Exile, arrest, loss of employment ...

Exposing a financial scandal or a case of corruption can indeed be expensive for whistleblowers.

This was the case for Jean-Jacques Lumumba in the DRC.

In 2016, a senior executive within the BGFI bank, he revealed suspicious transactions involving the regime of President Kabila.

The case, nicknamed

the “

 Lumumba Papers

, is in the hands of justice.

But the whistleblower now lives in exile in Europe after threats in his country.

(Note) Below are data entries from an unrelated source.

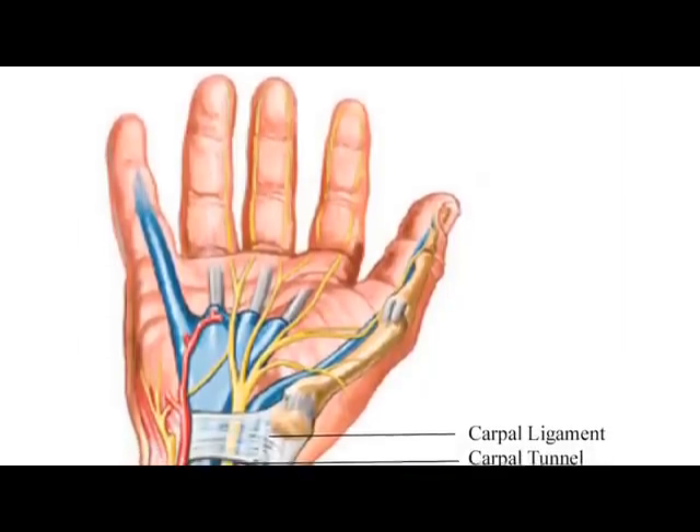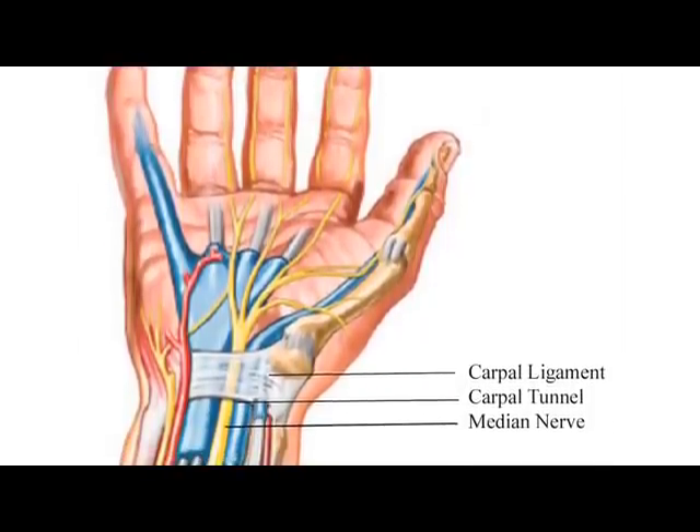When the muscles contract and expand, they're just like a rope. As the rope gets used over and over again, it starts fraying — and so do the muscles. This fraying causes inflammation.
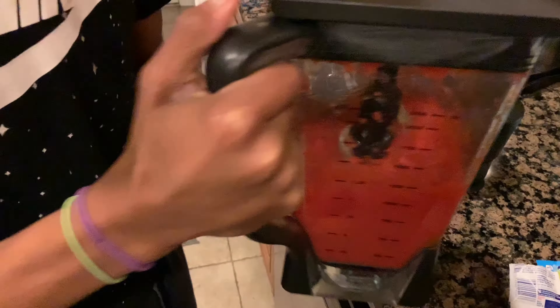Anyway, when it gets done blending up, you gotta shake it up like that. To get all the flavor and everything together. The sugar and everything mixes in.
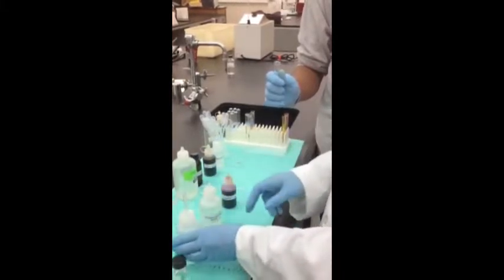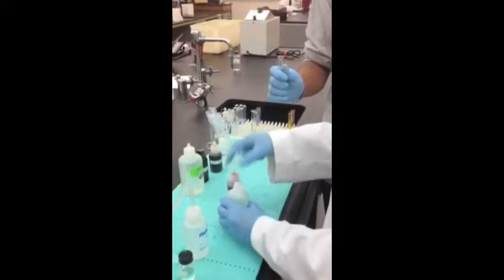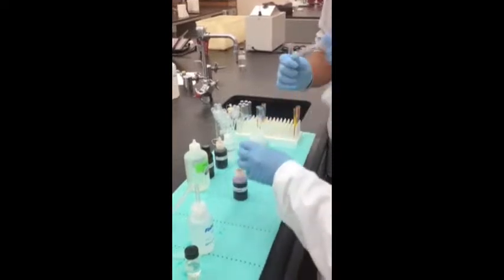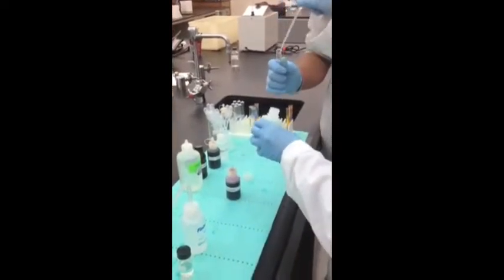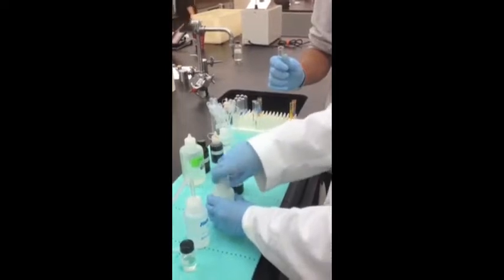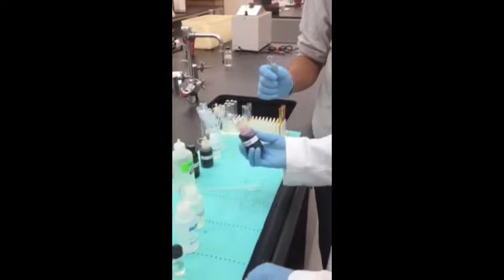Add one mL of sodium hydroxide. Drop by drop, add the iodine reagent until the brown iodine color precipitates after shaking.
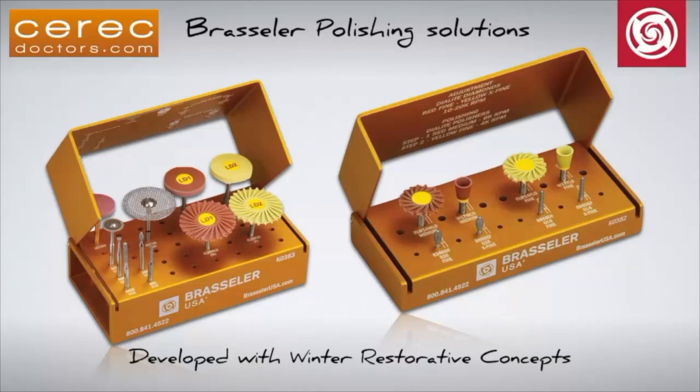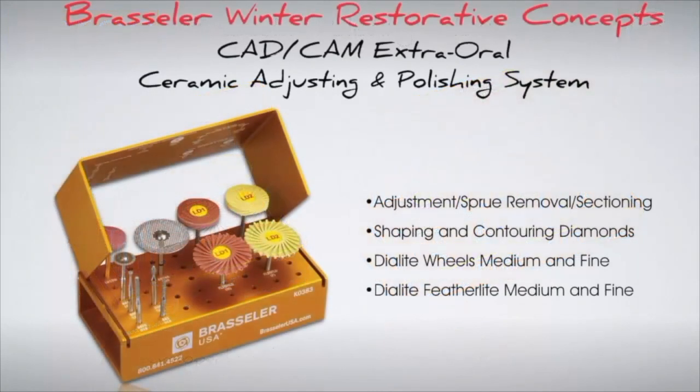These kits were developed specifically to ensure maximum clinical success using a sequential polishing technique. The extraoral CAD-CAM adjustment and polishing system was developed to create an efficient and safe way to adjust, contour, and polish both glass ceramics and zirconia restorations. It includes both the Dialite wheels and Featherlight polishers in medium and fine grits to achieve the most natural polish.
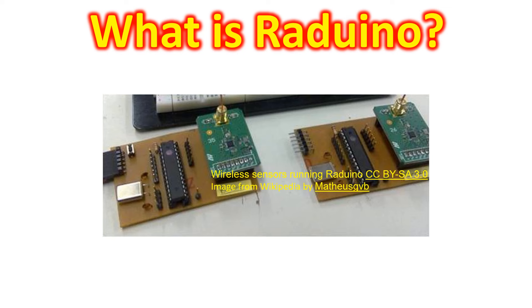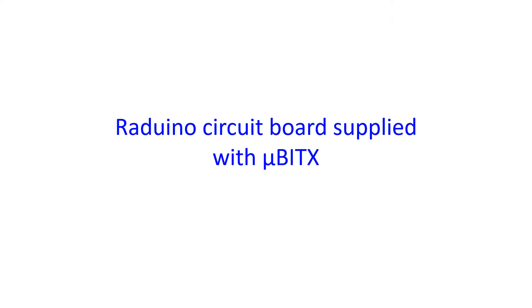The Raduino project originated in Brazil in 2010 and is an extension of the Arduino project which started in 2005. The hardware part is an Arduino integrated with a CC1101 transceiver and controlled by an ATmega328 microcontroller. CC1101 is a low cost sub 1 GHz transceiver for very low power wireless applications.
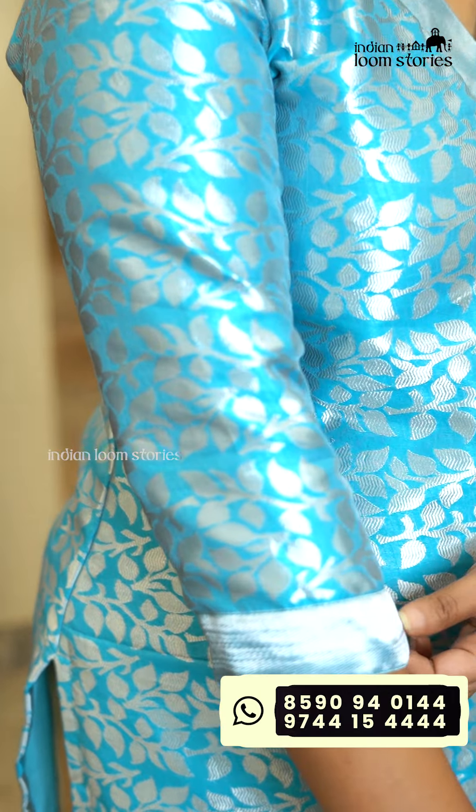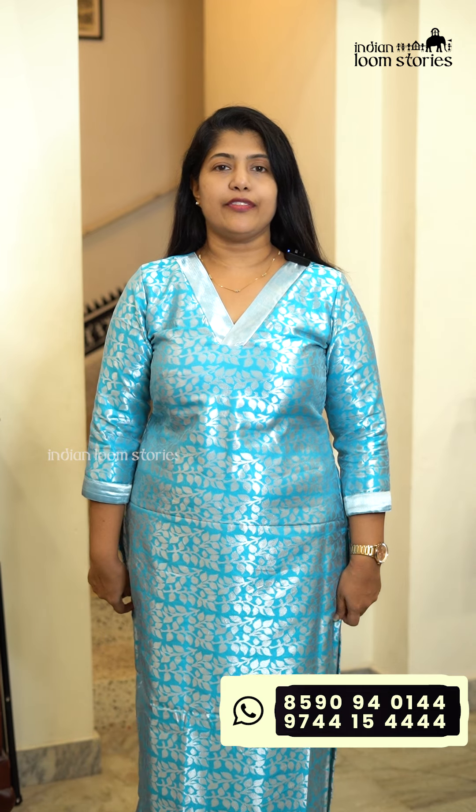The next color is the sky blue color. It is the same material. This one is available and has a length of 48,000.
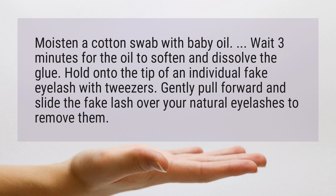Hold onto the tip of an individual fake eyelash with tweezers. Gently pull forward and slide the fake lash over your natural eyelashes to remove them.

Noureddine Tounsi denounced corruption at the port of Oran in Algeria in 2017. He was arrested in September 2020 and is being prosecuted for espionage.

Reprisals according to the PPLAFF, while the NGO recalls that the investigations into the scandal revealed by the whistleblower are not progressing.

In Mali,

Fadiala Coulibaly

, an accountant, revealed a network of embezzlement intended for cotton farmers in 2017, but he lost his job for his commitment.

But despite these risks, the situation of whistleblowers is gradually changing according to Fadel Baro, co-founder of the citizen movement "

Y'en a marre 

" in Senegal.

He is the Pplaaf coordinator for West Africa.

He takes stock of the situation on the continent:

We know journalists, activists and human rights defenders in general.

They have frameworks and platforms that support them.

But whistleblowers are people who often suffer reprisals from their companies.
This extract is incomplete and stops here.